The hit of the night: the Phing Khatsa (thread-like, clear mung bean noodles submerged in a luke warm soy-chili-vinegar sauce with plenty of garlic and scallion; topped with fried soy beans). The mix of flavors was incredible. The tang of the vinegar (maybe a Zhenjiang vinegar w/a balsamic-like edge?) dominated but there was so much going on in that little bowl that it was difficult to pick out individual flavors. Perfect balance.
We also tried the Vegetable Egg Soup, which had a very mild, soothing veggie broth with eggs that were somewhere between scrambled and poached, as well as spinach and tomatoes in the mix.
I was prepared to love the Shogo (potato) Momo after reading/hearing so many raves about them. But I found them bland and carby -- like mildly spiced mashed potatoes inside a dumpling wrapper. (Put me down as a much bigger fan of the less carby, boldly seasoned veggie momo at Tawa Nepali hut.) Still these were delicate and carefully made.
We managed to get a vegetarian version of the Beef Thenthuk (hand drawn noodle soup). It was the same very soothing, mild broth from the Vegetable Egg Soup (but no egg here!) with sliced carrots and daikon in the mix. I personally prefer a bit more zing in my broths but this was undeniably good -- light and soothing. And the hand drawn noodles absolutely hit the spot, satisfying my winter-time noodle cravings. They were thick and irregular (shorter than Uncle Zhou's by far) and a bit on the al dente side (which is fine w/me). Wondering what flour they use for these -- anyone know?
We rounded out the meal w/three veggie dishes: the Dofu khatse Ngoen Ma (spicy tofu w/garlic, ginger, and spring onion), Pel Tsel Ngoen Ma (bok choy sauteed w/Sichuan pepper corns), and Cucumber Salad w/Hot Chili Sauce and Black Beans.
I was most excited about the tofu, which several people had recommended to me. But I was disappointed to find that it was swimming in a pretty unsubtle, firey red chili sauce w/only mild hints of garlic and spring onions (ginger? what ginger?). The flavor was pretty one-dimensional, though the floral/tingle-inducing Sichuan peppercorns helped to liven things up a bit. One the positive side -- the tofu wasn't overly oily!
But the other two dishes were superb. The cucumber salad (very fresh cucs, btw) was tossed with lots of garlic and dreid red chilis, as well as soy and the same balsamic-like black vinegar. It was incredibly refreshing and very reminiscent of dishes I've enjoyed in Sichuanese restaurants.
The bok choy was expertly cooked -- still crisp and not at all oily. The generous use of Sichuan peppercorns gave the greens a nice floral (almost citrusy) undertone that complemented the smoky wok flavor. Amazing. We used our Tingmo (steamed rice-flour bread) to soak up the ample bok choy juices pooled in the bottom of the dish.
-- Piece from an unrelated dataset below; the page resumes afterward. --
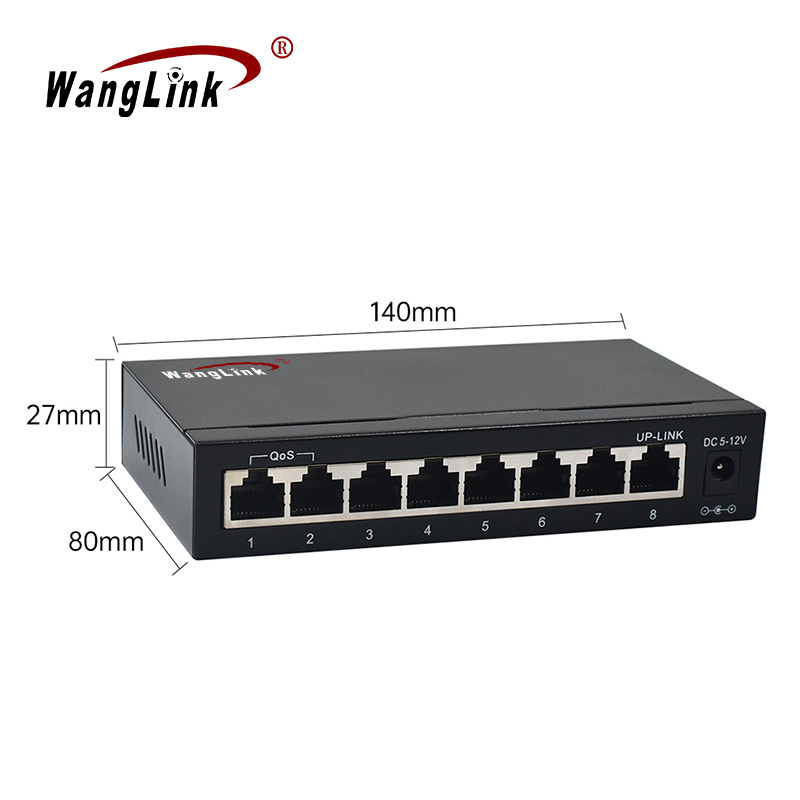 Product Gallery: Unmanaged 8 Port Gigabit QoS Ethernet Switch, VLAN & Extend Modes, Metal Housing, Desktop/Wall Mount 2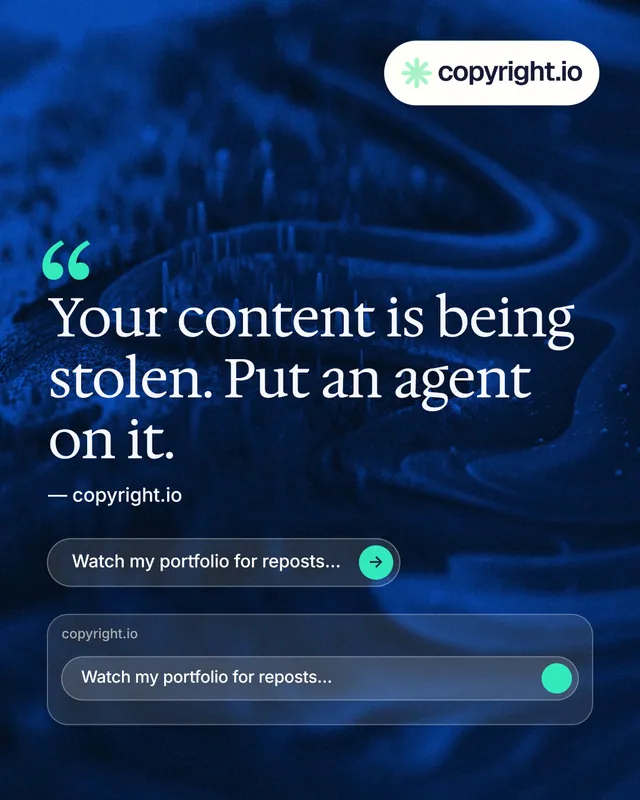 Instagram portrait post for copyright.io: "Continuous protection for creators." Agentic glass style, quote layout, dark palette in blue, black, grey.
All that came to a little over $50, with tip. Although the portion sizes were very moderate (extra merits!), four very hungry adults left happily full (though not too stuffed for some moong daal halwa and cups of masala chai at Maharaja...).
BTW, we were very curious about (but lacked table/stomach space) to get the following -- has anyone tried these?
Lhasa Khonte (barley wine with dried fruit soup) -- veg?
Shogo Khatsa (fried spicy potato)
Laphing (similar to the Phing Khatsa but less spicy?)
Shoko Sil Sil Ngoe Ma (shredded potato w/green pepper)
Bhoe Thuk (chetsey noodle soup) -- if veg alt. version is available?
Gyathuk (regular noodle soup) -- if veg alt. version is available?
Lhasa Fried Noodle -- veg? (worth it, or basically just a Tibetanized "house lo mein"...?)
Also, has anyone tried the $5 hot pot set?? Is hot pot a Tibetan thing? An import from Sichuan?